Work through the entries below and show every line in which "from" is found.

*** Opening Stored data ***

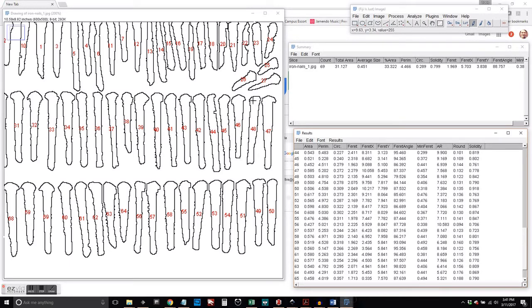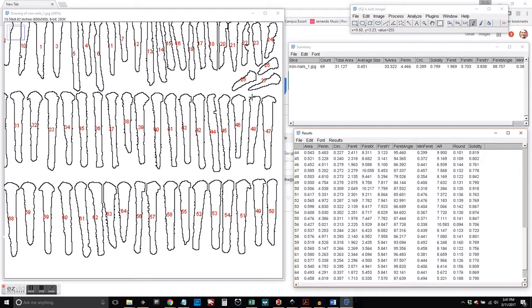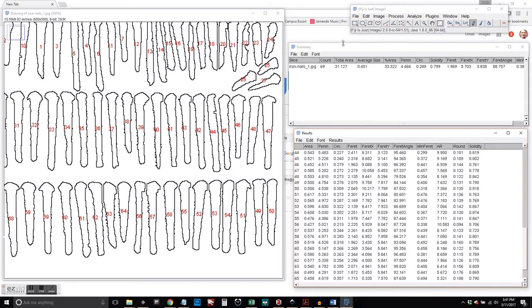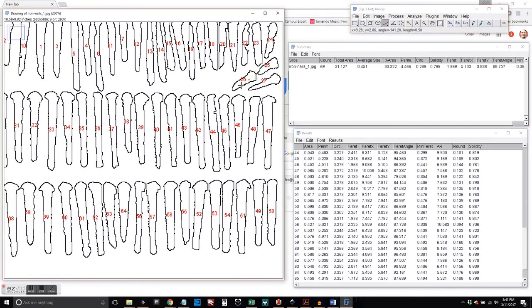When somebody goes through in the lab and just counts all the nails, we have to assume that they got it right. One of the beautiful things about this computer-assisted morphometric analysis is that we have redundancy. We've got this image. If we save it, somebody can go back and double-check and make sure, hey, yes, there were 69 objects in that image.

*** Closing Stored data ***
*** Opening Stored data ***

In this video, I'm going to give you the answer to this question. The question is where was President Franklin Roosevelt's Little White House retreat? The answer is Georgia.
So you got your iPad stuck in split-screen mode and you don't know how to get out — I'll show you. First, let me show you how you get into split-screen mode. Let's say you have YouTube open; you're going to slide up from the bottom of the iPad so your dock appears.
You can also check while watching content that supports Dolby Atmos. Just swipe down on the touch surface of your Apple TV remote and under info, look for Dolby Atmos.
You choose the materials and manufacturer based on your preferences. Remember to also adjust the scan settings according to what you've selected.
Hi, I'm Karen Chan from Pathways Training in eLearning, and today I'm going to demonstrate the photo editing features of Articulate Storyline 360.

*** Closing Stored data ***

**Result for this task:**
So you got your iPad stuck in split-screen mode and you don't know how to get out — I'll show you. First, let me show you how you get into split-screen mode. Let's say you have YouTube open; you're going to slide up from the bottom of the iPad so your dock appears.
Hi, I'm Karen Chan from Pathways Training in eLearning, and today I'm going to demonstrate the photo editing features of Articulate Storyline 360.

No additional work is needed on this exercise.